Over the next few years the second and third fleets showed up, despite the fact that the new settlement was on the brink of starvation for most of its first 15 years. In the last decade of the 18th century there was a huge influx of military settlers, the 'Rum Corps'. Rum became Sydney's main currency and the military, rather than the governors, ran the joint. In 1813 the Blue Mountains, which had previously hemmed in the town, were broached by explorers, and Sydney was linked with the western plains of NSW. When gold was discovered in Victoria and to Sydney's west in the 1850s, settlers poured out of the town in search of wealth and Sydney's importance diminished dramatically.
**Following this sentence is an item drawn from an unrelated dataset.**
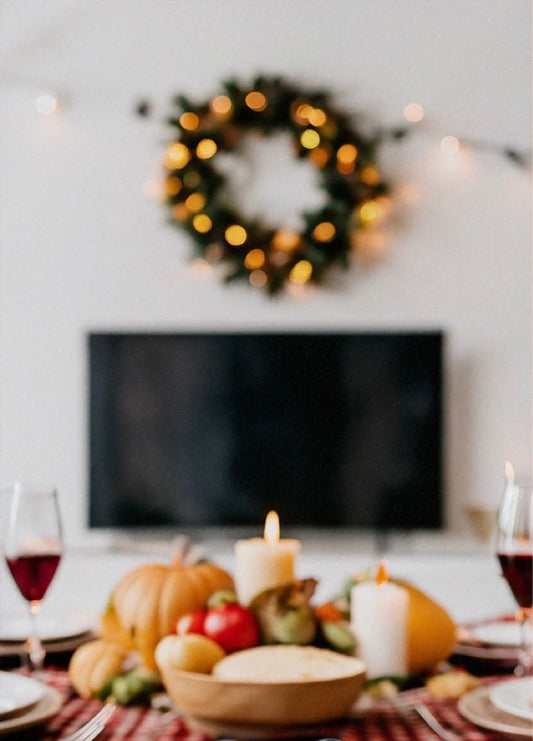 Happy Thanksgiving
Australia's states achieved federation on 1 January 1901 - New South Wales became a state of the new Commonwealth of Australia, and Sydney became NSW's capital. Australia went to war in support of Britain in 1914, and the economy boomed until the late 20s, when the Great Depression hit - in 1931 around a third of Sydney's workforce was unemployed. But in 1932 wool prices rose, the city's building industry took off and Sydney once more became the most special city in Australia. The Harbour Bridge was also opened in 1932. There was quite a kerfuffle at the opening of the bridge, when a sword-wielding chappie by the name of de Groot stole the limelight from NSW premier Jack Lang by slashing the opening ribbon before the premier could give it the official chop.
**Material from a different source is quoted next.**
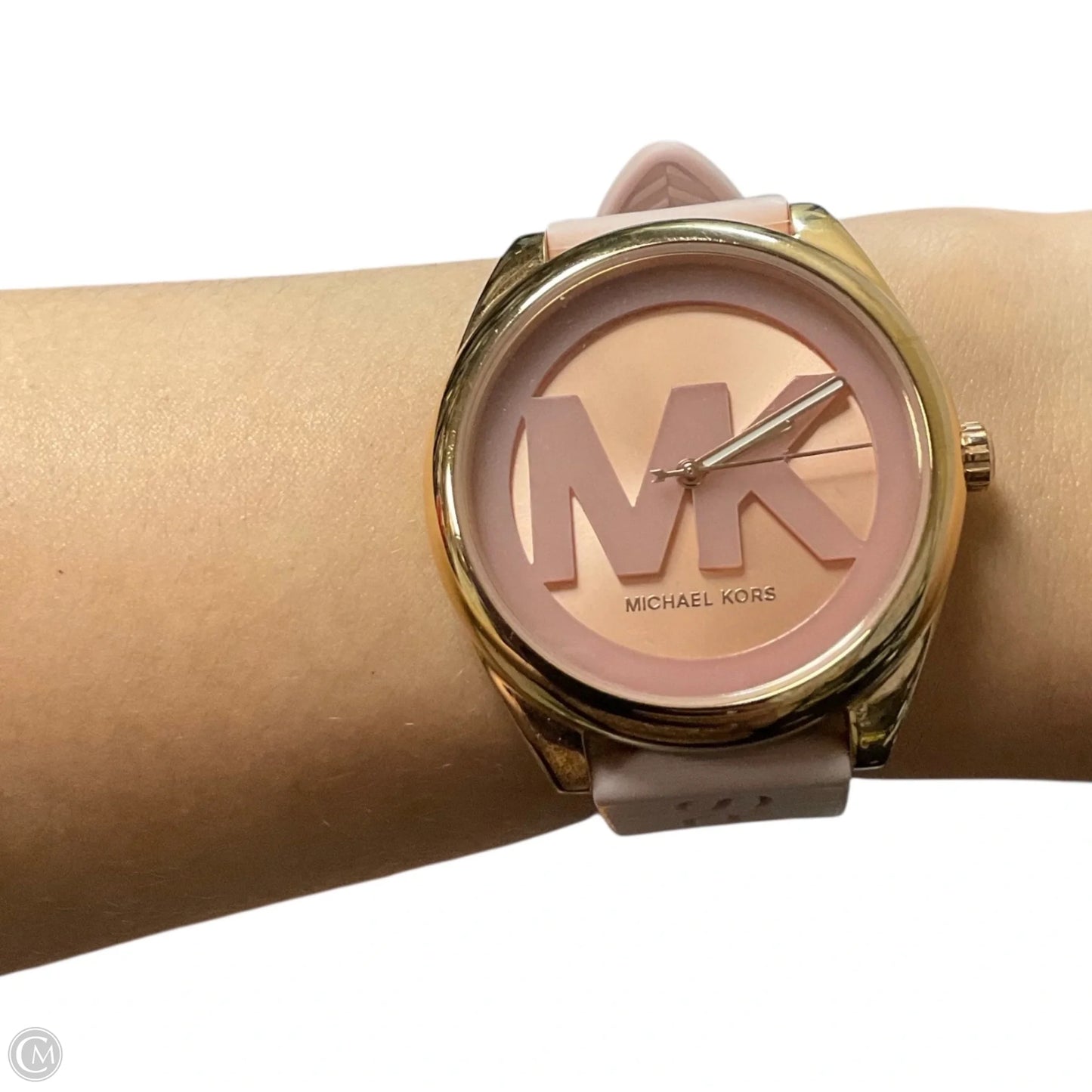 Watch Designer By Michael Kors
Sydney suffered little during WWII, although several Japanese midget subs were captured in the harbour. After the war, European immigrants flooded into the city, and Sydney spread rapidly westwards, gaining a bunch of pizza places in the process. It also picked up one of its most famous landmarks - in 1957 architect Jørn Utzon won a competition to design the Sydney Opera House. In 1966, before the completion of the Opera House, Utzon resigned in frustration at compromises to his plan. Another architectural team took over, and the Opera House was opened in 1973.
During the Vietnam war, Sydney became a major R&R stopover for US GIs, and the city started tasting of Coke and burgers, while Kings Cross developed a fine line in sleazy entertainment for the visiting lads (a speciality it maintains to this day). Throughout the 70s, NSW went against the national trend by voting Labor, and longstanding premier Neville Wran oversaw much of Sydney's building boom. The bicentennial celebrations in 1988 and the massive Darling Harbour redevelopment project boosted the city's morale, and today the economy is doing reasonably well.
After winning the bid to host the 2000 Olympic Games, Sydney poured vast amounts of money into renovating and prettying itself up. Though the Games were declared the 'best ever' by IOC head opportunist, Juan Antonio Samaranch, and the follow-on Paralympics were well patronised, visitor numbers were well down on early estimates and changes to Sydney's infrastructure haven't necessarily improved the lot of those impoverished locals who couldn't afford a ticket to the synchronised swimming. It will be some time before the final ledger decides whether the city ended in the black or red - history favours the latter - but at least it gained a few much-needed roundabouts and overpasses (and an excess of darling little bijou wine bars that weren't really needed at all). Still, Sydney's sense of itself as a city fit to take on the world continues to expand.